Ayant parlé de ces aventures lamentables, ne dois-je point rappeler le détestable mariage, funeste à ces demeures, et les embûches perfides de la femme ourdies contre l'homme belliqueux que ses ennemis eux-mêmes admiraient pour son courage? Il faut mépriser le foyer sans feu et la honteuse domination d'une femme.
Antistrophe III.
De tous ces crimes horribles le plus célèbre est le crime Lemnien. Il est certes, en abomination. Qui pourrait rien comparer aux meurtres Lemnien?

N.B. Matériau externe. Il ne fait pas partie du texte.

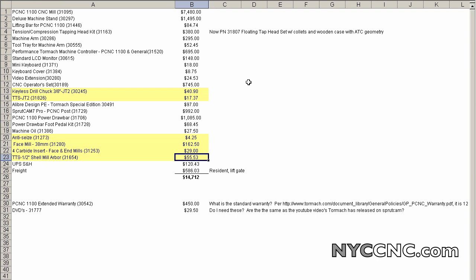Hi folks, welcome to another episode of NYC CNC. This is chapter two in my Tormach video series, which is a chapter I'm very excited to start, which is that today I bought the mill.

Toute une race a péri, détestée des dieux et en exécration aux hommes. Personne ne peut honorer ce qui est détesté des dieux. Lequel de ces crimes ai-je rappelé sans raison?
Strophe IV.
L'épée aiguë que la justice enfonce dans la poitrine blesse terriblement. Il est défendu de fouler le chemin par lequel on s'éloigne, contre tout droit du respect dû à Zeus.
Antistrophe IV.
Mais la tige de la justice est toujours droite et Aisa qui forge les épées aiguise l'airain. Érinnys aux profondes pensées ramène l'enfant dans les demeures, pour y laver la souillure des anciens crimes.
ORESTÈS.
Esclave, esclave! entends les coups dont je heurte la porte! Encore une fois, esclave, esclave! y a-t-il quelqu'un, ici! J’appelle pour la troisième fois, afin qu'on me réponde, si, toutefois, Aigisthos connaît l'hospitalité.